Das Foto rechts ist ein Blick von der Empore und zeigt nicht nur das durchlaufende Oberlichtband, sondern auch, wie sich so ein säulenähnliches Stützelement – ein Betonfertigteil – aus einem tragenden quadratischen Kern und zwei seitlich überkragenden Halbsäulen zusammensetzt und – wie eine Säule – dazu dient, das Thema „Hochstemmen einer Last“ zum Ausdruck bringen. Die großen weißen Gipskissen, die offen unter die Stahlbetondecke gehängt sind, sorgen für gute Akustik, denn die glatten Unterflächen reflektieren die hohen Frequenzen in die Raumtiefe, währen die weichen schallschluckenden Matten auf der Oberseite die tiefen Frequenzen ausschalten.
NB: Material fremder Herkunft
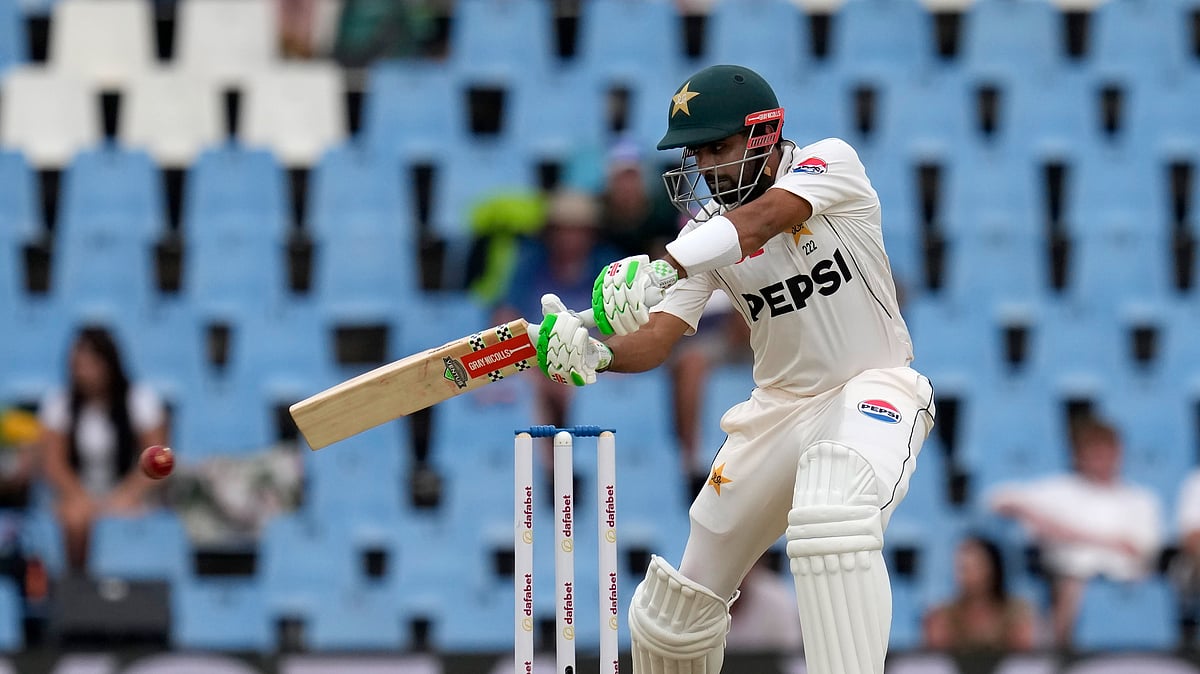 AP Photo/Themba Hadebe : Pakistan's Babar Azam plays a side shot during day two of the Test cricket match between South Africa and Pakistan, at the Centurion Park in Centurion.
Mit einem Wort: alle Mittel, die der Architekt aufbietet, sind nur scheinbar tote Materie: sie agieren wie Darsteller auf der Bühne unserer Wahrnehmung; sie verweisen auf Bilder, die wir alle im Kopf mit uns herumtragen, ohne sie zu „imitieren“ oder als Vorbilder zu „zitieren“; sie versuchen schlicht, sich selbst auszudrücken.